■ **Problem**:
The full listing below should be copied verbatim.

■ **Records for processing**:
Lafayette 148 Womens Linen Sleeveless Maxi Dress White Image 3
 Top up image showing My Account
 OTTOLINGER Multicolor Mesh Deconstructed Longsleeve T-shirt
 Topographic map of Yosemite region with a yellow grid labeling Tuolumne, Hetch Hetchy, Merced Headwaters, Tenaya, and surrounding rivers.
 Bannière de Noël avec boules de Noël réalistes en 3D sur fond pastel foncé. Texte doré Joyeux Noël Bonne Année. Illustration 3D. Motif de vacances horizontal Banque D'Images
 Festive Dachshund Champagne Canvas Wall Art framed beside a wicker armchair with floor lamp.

■ **Exercise output**:
Lafayette 148 Womens Linen Sleeveless Maxi Dress White Image 3
 Top up image showing My Account
 OTTOLINGER Multicolor Mesh Deconstructed Longsleeve T-shirt
 Topographic map of Yosemite region with a yellow grid labeling Tuolumne, Hetch Hetchy, Merced Headwaters, Tenaya, and surrounding rivers.
 Bannière de Noël avec boules de Noël réalistes en 3D sur fond pastel foncé. Texte doré Joyeux Noël Bonne Année. Illustration 3D. Motif de vacances horizontal Banque D'Images
 Festive Dachshund Champagne Canvas Wall Art framed beside a wicker armchair with floor lamp.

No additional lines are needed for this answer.